そこで検討すると、関係証拠を総合すれば、被告人は、被告会社の法人税を免れようと企て、取引先の一つである株式会社協同精機(以下「協同精機」という。)の代表取締役渡邊哲と通謀の上、被告会社が協同精機に外注したように装い、納品書、請求書等を作成して代金を請求させ、それを約五パーセントの手数料を除いて残金を返戻させたり、また、ビイック販売株式会社との間で、被告人が開発した佐藤式自動地下探査機(以下「探査機」という。)の国内販売の総代理店契約を締結し、その契約金五〇〇〇万円をいわゆる裏金で支払ってもらうことにして、右契約金収入を除外するなどの方法により所得を秘匿した上、昭和五八年五月二八日、本郷税務署長に対し、被告会社の所得金額が二一三九万六七二円で、これに対する法人税額が八〇二万三八〇〇円である旨の虚偽の法人税確定申告書を提出し、そのまま法定納期限を徒過させたものであること、被告人は右申告書を提出するに先立ち、申告所得を大巾に上回る所得が存在することを認識しつつ、右申告書に署名押印したこと、被告人は、協同精機に実際に発注し納品を受けた三五〇L型起震機(以下「起震機」という。)五台については仕入帳に記載せず、架空外注した八台についてのみ記帳していたこと、架空の外注加工費の存在が発覚しないようにするため、昭和五八年三月期中に売上げた探査機三台の構成部分である起震機三台は、協同精機に架空外注した起震機八台のうちの三台であると返装することとし、架空外注の残りの五台を約一割の評価減をした上、仕掛品在庫として架空計上したこと、東京動機株式会社から仕入れた発電機一〇台のうち、探査機の構成部分として三台売れたにもかかわらず、したがって、帳簿等と照合して棚卸を行った場合はもちろん、照合せずに現物だけにあたって棚卸を行ったとしても在庫は七台という申告になるはずであるのに、売上げ済みの三台を加えた一〇台を期末仕掛品として計上していること、前記申告に先立ち、期末棚卸を行った際、納品書等をチェックしたところ、本来在庫としてあるはずの発振器三台(合計金額二一〇万円)(以下「本件在庫」ともいう。)がないことに気づいたこと、納品書等の書類上は、三富士電機株式会社から一五台仕入れ、うち三台が探査機の構成部分として売上げたことになっていたこと、しかし、当時、人手不足で多忙であったことなどから、その所在調査を行うことなく、右三台を在庫から除外して発振器九台分の金額を期末仕掛品棚卸高として計上し、過少の申告をしたこと、しかし、被告人としては、この三台の在庫を除外して製品製造原価を上げることにより、殊更に二一〇万円の所得を圧縮して脱税するという意思まではなかったこと、その後、昭和五八年一〇月初めころ、税務署の調査が行われた際、本件在庫の計上洩れを指摘され、その所在調査を行ったところ、本件在庫は取引先に貸し出されていたことが判明し、同月四日、本件在庫につき棚卸計上洩れとして、それを加えて修正申告を行ったこと等が認められ、被告人の当公判廷における供述中、右認定に反する部分は、他の関係証拠に照らし、にわかに措信し難い。

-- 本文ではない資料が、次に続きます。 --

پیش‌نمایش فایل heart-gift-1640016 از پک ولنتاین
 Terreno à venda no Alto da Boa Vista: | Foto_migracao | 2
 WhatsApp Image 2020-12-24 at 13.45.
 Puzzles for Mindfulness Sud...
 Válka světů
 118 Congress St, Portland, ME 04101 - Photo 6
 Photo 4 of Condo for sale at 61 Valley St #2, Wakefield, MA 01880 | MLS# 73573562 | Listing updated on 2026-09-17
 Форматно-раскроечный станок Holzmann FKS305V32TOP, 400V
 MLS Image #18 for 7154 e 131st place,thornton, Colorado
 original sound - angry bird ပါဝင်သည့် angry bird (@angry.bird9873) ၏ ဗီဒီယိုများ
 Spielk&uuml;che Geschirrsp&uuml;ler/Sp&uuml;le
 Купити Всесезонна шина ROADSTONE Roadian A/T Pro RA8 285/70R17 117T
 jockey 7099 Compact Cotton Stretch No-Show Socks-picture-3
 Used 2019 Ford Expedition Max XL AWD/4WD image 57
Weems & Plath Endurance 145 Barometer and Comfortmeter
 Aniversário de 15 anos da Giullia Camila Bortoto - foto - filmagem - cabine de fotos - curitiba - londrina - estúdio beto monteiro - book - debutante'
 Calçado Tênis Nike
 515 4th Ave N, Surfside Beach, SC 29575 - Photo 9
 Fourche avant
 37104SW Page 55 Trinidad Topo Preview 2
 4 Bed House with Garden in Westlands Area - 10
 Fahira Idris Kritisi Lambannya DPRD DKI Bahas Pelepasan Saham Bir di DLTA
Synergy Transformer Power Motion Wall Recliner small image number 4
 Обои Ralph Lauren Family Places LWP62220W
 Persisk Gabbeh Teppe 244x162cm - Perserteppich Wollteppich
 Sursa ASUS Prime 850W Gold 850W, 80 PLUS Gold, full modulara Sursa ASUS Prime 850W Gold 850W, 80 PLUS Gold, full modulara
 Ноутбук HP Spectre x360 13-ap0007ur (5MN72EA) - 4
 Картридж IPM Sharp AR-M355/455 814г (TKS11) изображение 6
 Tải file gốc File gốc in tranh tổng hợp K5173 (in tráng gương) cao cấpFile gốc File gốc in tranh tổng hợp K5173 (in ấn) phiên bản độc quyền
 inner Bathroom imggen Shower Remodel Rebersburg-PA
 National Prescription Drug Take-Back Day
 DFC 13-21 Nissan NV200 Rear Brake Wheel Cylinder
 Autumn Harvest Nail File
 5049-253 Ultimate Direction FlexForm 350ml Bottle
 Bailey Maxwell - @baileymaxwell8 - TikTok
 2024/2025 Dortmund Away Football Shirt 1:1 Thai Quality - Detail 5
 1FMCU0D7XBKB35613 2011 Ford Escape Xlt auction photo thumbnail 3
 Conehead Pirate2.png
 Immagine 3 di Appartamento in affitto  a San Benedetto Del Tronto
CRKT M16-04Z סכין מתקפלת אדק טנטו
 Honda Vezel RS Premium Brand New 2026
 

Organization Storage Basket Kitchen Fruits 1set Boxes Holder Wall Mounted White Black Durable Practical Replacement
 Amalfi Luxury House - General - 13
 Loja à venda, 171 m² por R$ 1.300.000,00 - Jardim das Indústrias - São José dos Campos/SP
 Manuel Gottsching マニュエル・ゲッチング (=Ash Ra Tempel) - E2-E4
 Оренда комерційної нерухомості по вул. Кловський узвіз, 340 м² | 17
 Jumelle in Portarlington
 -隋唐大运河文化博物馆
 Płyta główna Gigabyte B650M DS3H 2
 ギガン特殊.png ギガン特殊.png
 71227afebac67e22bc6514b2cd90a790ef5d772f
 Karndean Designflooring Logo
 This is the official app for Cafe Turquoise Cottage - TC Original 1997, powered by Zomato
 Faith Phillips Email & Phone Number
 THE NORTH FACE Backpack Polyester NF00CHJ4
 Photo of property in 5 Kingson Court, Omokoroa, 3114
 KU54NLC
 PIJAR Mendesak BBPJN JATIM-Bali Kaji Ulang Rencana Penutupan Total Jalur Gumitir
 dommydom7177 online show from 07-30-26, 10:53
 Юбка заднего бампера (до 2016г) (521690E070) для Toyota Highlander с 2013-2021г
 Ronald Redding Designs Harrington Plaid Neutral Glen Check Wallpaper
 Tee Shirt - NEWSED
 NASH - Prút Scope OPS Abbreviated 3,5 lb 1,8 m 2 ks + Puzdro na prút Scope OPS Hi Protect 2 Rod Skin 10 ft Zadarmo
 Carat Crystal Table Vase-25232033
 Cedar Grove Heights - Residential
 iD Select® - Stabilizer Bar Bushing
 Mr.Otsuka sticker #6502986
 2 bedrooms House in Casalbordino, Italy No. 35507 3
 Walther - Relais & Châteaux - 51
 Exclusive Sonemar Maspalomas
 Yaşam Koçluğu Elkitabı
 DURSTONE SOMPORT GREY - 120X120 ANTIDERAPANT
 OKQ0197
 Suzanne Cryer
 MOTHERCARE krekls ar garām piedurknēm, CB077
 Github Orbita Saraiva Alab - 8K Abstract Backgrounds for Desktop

以上の事実を総合すれば、被告人は、前記のような事前の所得秘匿行為を行った上、申告所得を大巾に上回る実際所得が存在することを認識しつつ虚偽過少申告を行い、そのまま法定納期限を徒過させたものであるのみならず、本件在庫についても、納品書等と被告会社に実在する在庫の数のくい違いの存在を認識しつつ、期末仕掛品棚卸高から除外したのであるから、特段の事情の認められない本件においては、本件在庫についても偽りその他不正の行為により法人税を免れたものであると評価するのが相当である。
したがって、弁護人の主張は採用できない。
(法令の適用)
一 罰条
1 被告会社
判示第一及び第二の各事実につき、法人税法一六四条一項、一五九条一、二項
2 被告人
判示第一及び第二の各所為につき、法人税法一五九条一項
二 刑種の選択
被告人につき、いずれも懲役刑を選択
三 併合罪の処理
1 被告会社
刑法四五条前段、四八条二項
2 被告人
刑法四五条前段、四七条本分、一〇条(犯情の重い判示第二の罪の刑に加重)
四 刑の執行猶予
被告人につき、刑法二五条一項
(量刑の事情)
本件は、電機計測器の製造販売等を目的とする被告会社の代表取締役である被告人が、被告会社の裏金を蓄積して、研究開発費用等にあてたり、経営が苦しくなった時に使用するなどの目的から、架空外注加工費を計上したり、販売総代理店契約締結に伴う契約金収入を除外するなどの方法により、二事業年度分の合計で六〇〇九万円余の被告会社の法人税を免れたというものであって、そのほ脱額が多額である上、ほ脱率も昭和五八年三月期が約七八・八パーセント、同五九年三月期が約七二・四パーセントといずれも高率であり、ほ脱の具体的方法も、取引先と通謀の上、架空の納品書・請求書等を作成させて加工代金を請求させ、それが支払われるや約五パーセントの手数料を除いて返戻させ、更に、被告人が開設した架空人名義の銀行口座に入金したり、債券を購入するなどして所得を隠匿し、また、前記契約金収入については、相手方と通謀の上、裏金で支払いを受けることを約束し、そのうちの一部を更に他人名義の口座に入金するなどして隠匿していたもので、その手口は計画的かつ巧妙・悪質であり、加えて、税務署の調査に備えて、関係人の一部に口裏を合わせてくれるように働きかけるなどしたことをも併せ考慮すると、被告人の刑事責任は重いといわなければならない。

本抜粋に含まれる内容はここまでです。